LAS TROPELÍAS DEL GAUCHO INVEROSÍMIL
Gauchito Gil, la película que el director Fernando del Castillo filmó en su Corrientes natal, es un intento por despojar al santo popular de la idealización y la mística que naturalmente lo rodean. No existen certezas sobre la historia de Antonio Mamerto Gil Núñez, pero la mayoría de las versiones coinciden en que peleó en la Guerra de la Triple Alianza y que luego desertó, que se convirtió en forajido y se ganó el cariño y la devoción de la gente, y que fue asesinado en la localidad de Mercedes. Colgado boca abajo, dicen que sus palabras finales fueron para su verdugo: le avisó que su hijo estaba enfermo, y le dijo que lo iba a salvar. Luego fue degollado. Dicen también que, al volver a su casa, el verdugo encontró al hijo enfermo, pidió por su salud y el hijo se salvó. El verdugo volvió al lugar donde mató al gaucho, y puso una cruz. Ahí comienza la leyenda del Gauchito Gil, y el culto que se extiende hasta nuestros días. Poco importan los hechos históricos concretos: basta con ver los santuarios al costado de las rutas del país, con sus banderas rojas, flameantes, para dar cuenta de la importancia de Antonio Gil dentro de las creencias populares, donde la fe se impone a las circunstancias.
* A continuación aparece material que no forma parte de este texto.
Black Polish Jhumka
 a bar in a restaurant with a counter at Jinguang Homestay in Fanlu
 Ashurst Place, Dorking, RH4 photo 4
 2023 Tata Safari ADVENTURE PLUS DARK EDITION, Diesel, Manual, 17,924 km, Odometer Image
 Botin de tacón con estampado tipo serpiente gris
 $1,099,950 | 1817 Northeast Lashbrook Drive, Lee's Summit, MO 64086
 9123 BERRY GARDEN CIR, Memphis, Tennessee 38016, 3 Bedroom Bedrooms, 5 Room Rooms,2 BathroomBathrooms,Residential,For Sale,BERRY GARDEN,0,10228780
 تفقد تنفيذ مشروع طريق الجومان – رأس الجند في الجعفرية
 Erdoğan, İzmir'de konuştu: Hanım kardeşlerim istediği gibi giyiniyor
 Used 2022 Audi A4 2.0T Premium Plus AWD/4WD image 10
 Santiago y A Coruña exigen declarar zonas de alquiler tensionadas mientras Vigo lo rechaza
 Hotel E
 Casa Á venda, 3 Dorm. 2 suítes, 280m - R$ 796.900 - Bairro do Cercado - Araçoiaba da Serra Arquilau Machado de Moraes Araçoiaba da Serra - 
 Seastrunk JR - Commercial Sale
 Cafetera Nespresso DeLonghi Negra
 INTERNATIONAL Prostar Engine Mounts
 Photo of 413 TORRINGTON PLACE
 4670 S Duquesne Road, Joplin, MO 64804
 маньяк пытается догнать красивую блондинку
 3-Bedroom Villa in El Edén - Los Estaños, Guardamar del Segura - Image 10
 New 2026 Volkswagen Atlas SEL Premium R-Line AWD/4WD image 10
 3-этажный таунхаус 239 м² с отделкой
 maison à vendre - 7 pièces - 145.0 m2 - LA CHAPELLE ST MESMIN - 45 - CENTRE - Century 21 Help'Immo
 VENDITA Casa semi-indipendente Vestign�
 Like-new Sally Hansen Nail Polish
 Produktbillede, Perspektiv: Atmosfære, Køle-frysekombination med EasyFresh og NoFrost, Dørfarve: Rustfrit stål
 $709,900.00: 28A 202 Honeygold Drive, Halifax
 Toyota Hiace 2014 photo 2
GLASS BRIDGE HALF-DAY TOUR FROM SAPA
Resulta inevitable comparar esta película con Gracias Gauchito, de Cristian Jure, estrenada hace poco menos de dos años, y que en esa comparación aquella película termine ganando espesor. Es verdad que cada una ensaya una mirada distinta sobre el tema en común, pero lo que falla en la película dirigida por Del Castillo es materia consciente en la película de Jure: desde los diálogos afectados, pasando por la puesta en escena de a ratos teatral, hasta ese verosímil puesto a prueba de manera constante. Lo que en Gracias Gauchito se entendía como una búsqueda deliberada por el artificio y lo kitsch, acá no hace más que evidenciar los defectos de una propuesta que no logra organizarse.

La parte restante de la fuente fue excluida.